> _Your goal_: Nothing but the lines below from the one that contains "Peça sobressalente para" through the one that contains "Building Photo - 2599 Lantana Ln" should be retyped, exactly and including both ends. Do not include pictures.
***** Information supplied *****
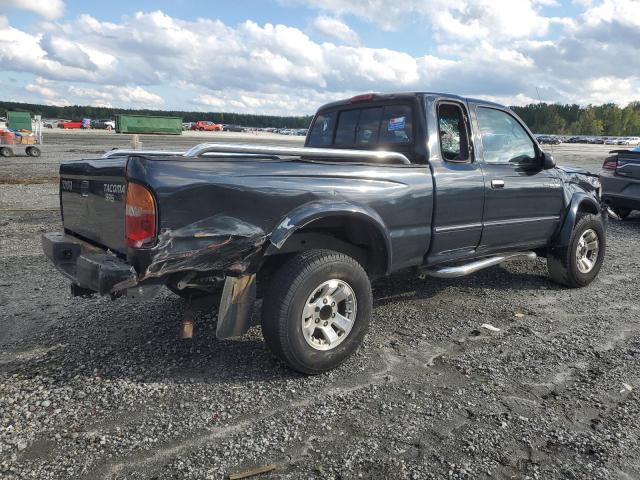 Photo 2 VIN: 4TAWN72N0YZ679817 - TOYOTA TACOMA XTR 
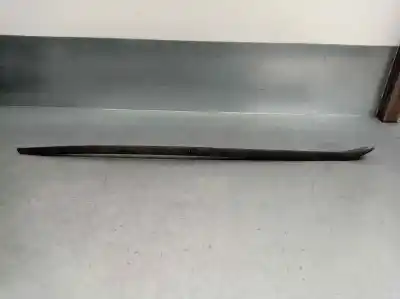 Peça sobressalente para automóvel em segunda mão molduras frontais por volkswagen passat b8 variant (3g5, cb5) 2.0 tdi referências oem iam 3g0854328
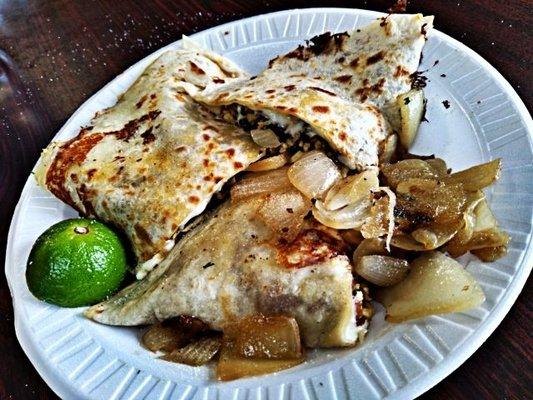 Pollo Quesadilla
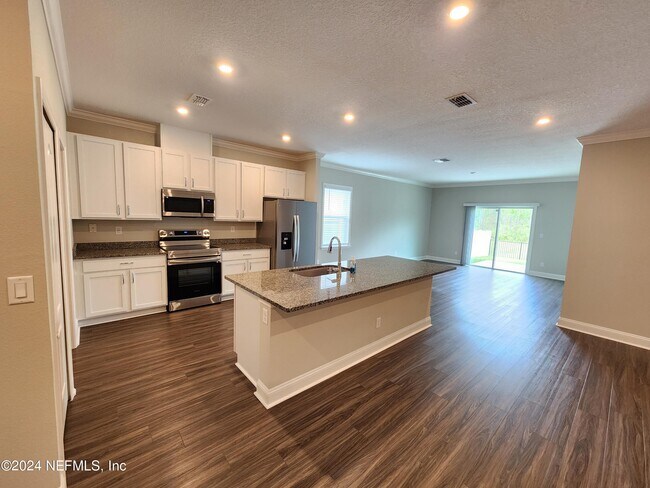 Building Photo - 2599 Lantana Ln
*****
***** Information supplied *****
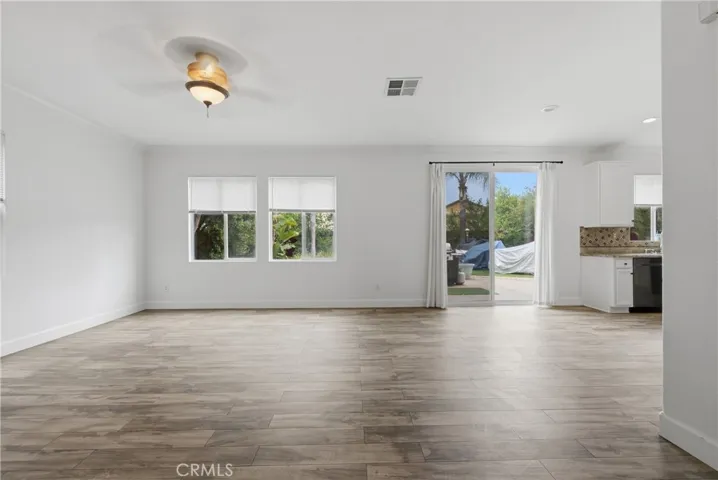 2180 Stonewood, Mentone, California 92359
*****
> _Completed exercise_:
 Peça sobressalente para automóvel em segunda mão molduras frontais por volkswagen passat b8 variant (3g5, cb5) 2.0 tdi referências oem iam 3g0854328
 Pollo Quesadilla
 Building Photo - 2599 Lantana Ln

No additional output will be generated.